- [THE TASK] Reproduce exactly the line with "Sorrindo afro-americano homem" and every line that follows it below, up to and including the last one. Do not include pictures or anything else.

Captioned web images
..............................

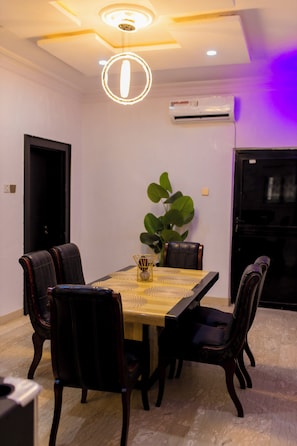 Een eetgedeelte met een rechthoekige tafel, zes stoelen, een plant en een airconditioning.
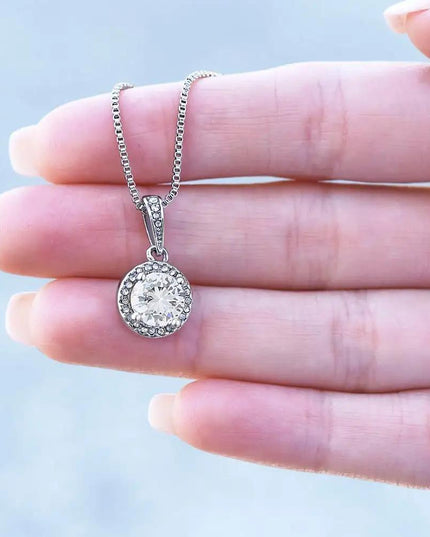white gold eternal hope necklace on models hand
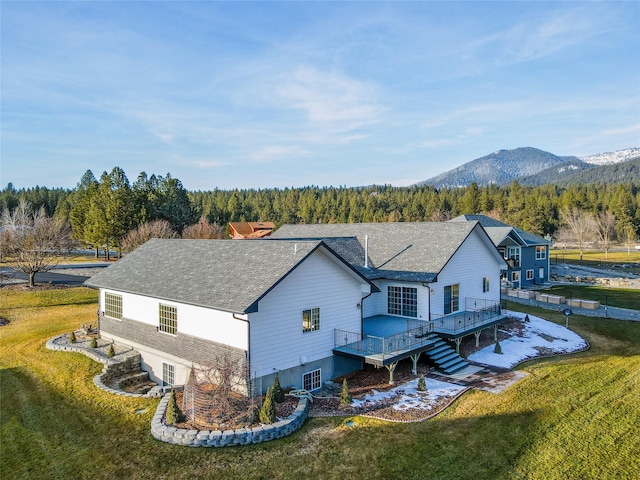 rear view of property featuring a deck with mountain view and a lawn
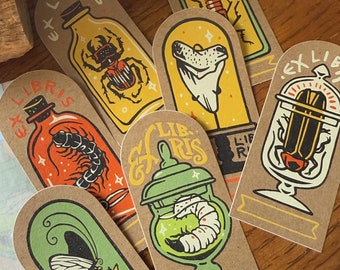 May include: Set of seven "Ex Libris" bookplates with illustrations of insects and creatures in jars. The bookplates are printed on brown cardstock with a variety of colors, including yellow, orange, and green. The text "Ex Libris" is printed on each bookplate.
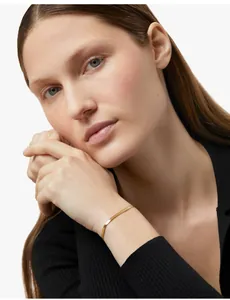 Close-up of a 18K gold herringbone snake chain bracelet on a model wrist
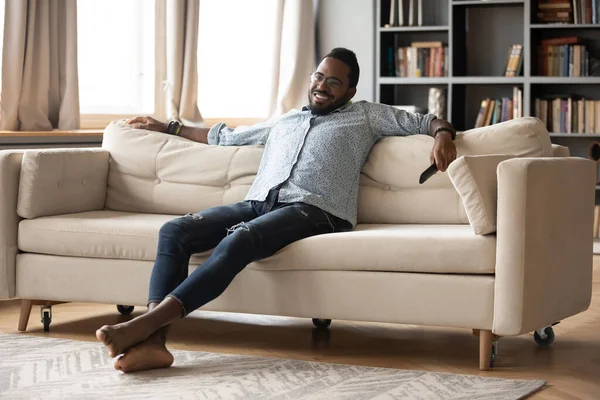 Sorrindo afro-americano homem relaxante no sofá, assistindo programa de tv — Fotografia de Stock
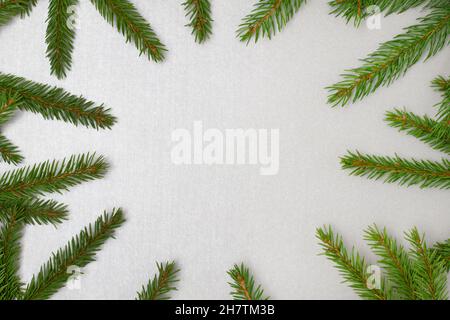 Fir branches frame on a silver colored background. Festive composition. Stock Photo
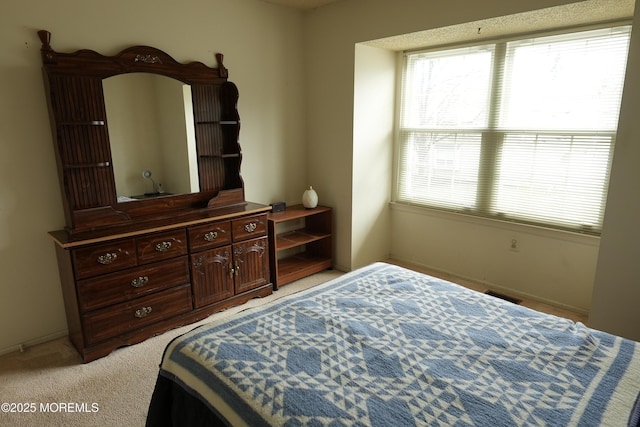 bedroom with light carpet, multiple windows, and visible vents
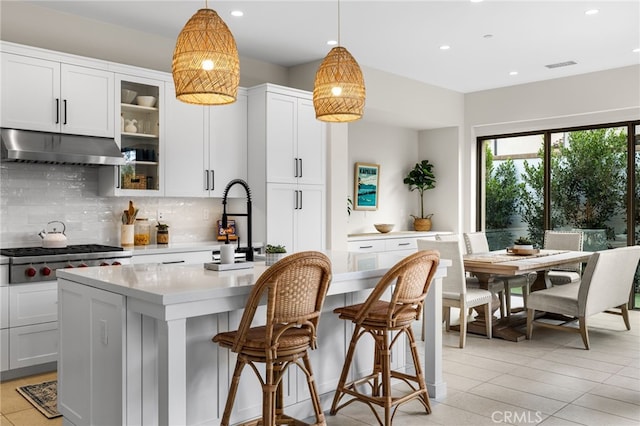 kitchen with under cabinet range hood, visible vents, backsplash, an island with sink, and stainless steel gas stovetop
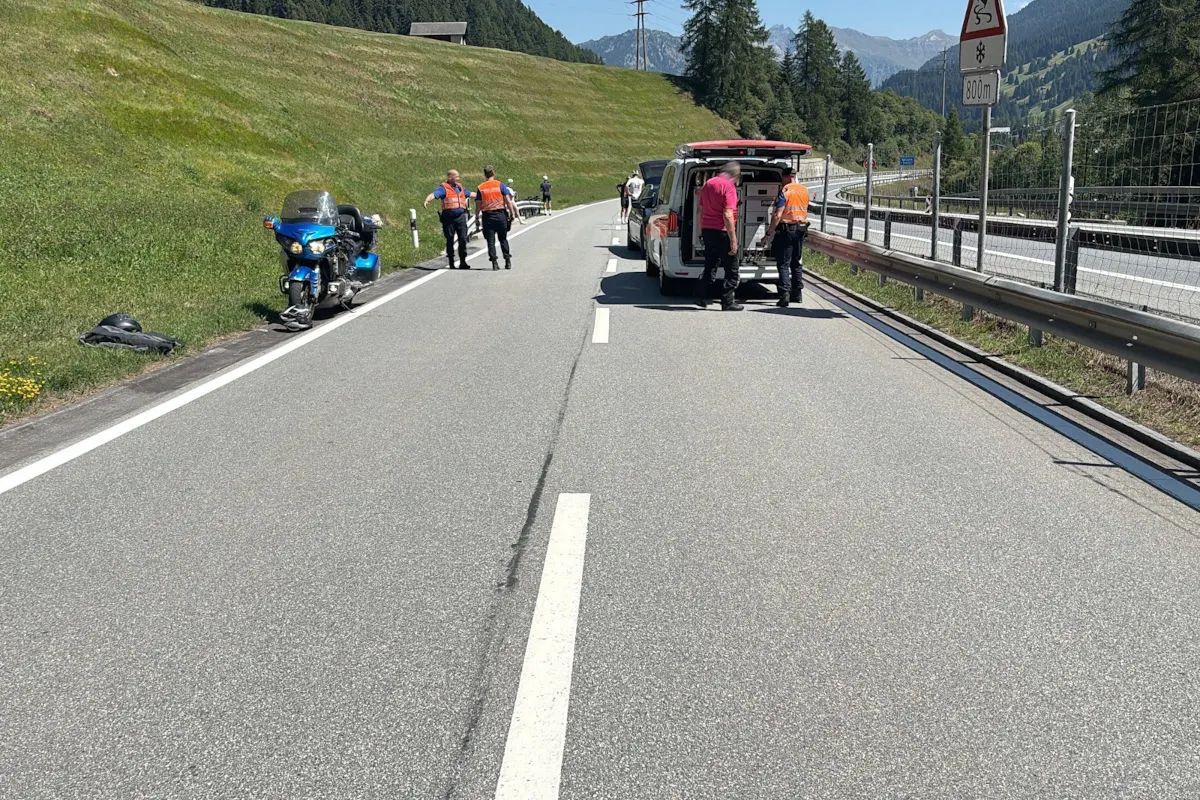 Mehrere Polizisten stehen neben einem beschädigten blauen Motorrad auf einer Straße in der Berglandschaft; ein Polizeifahrzeug ist im Einsatz.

..............................

- [EXERCISE RESPONSE]
 Sorrindo afro-americano homem relaxante no sofá, assistindo programa de tv — Fotografia de Stock
 Fir branches frame on a silver colored background. Festive composition. Stock Photo
 bedroom with light carpet, multiple windows, and visible vents
 kitchen with under cabinet range hood, visible vents, backsplash, an island with sink, and stainless steel gas stovetop
 Mehrere Polizisten stehen neben einem beschädigten blauen Motorrad auf einer Straße in der Berglandschaft; ein Polizeifahrzeug ist im Einsatz.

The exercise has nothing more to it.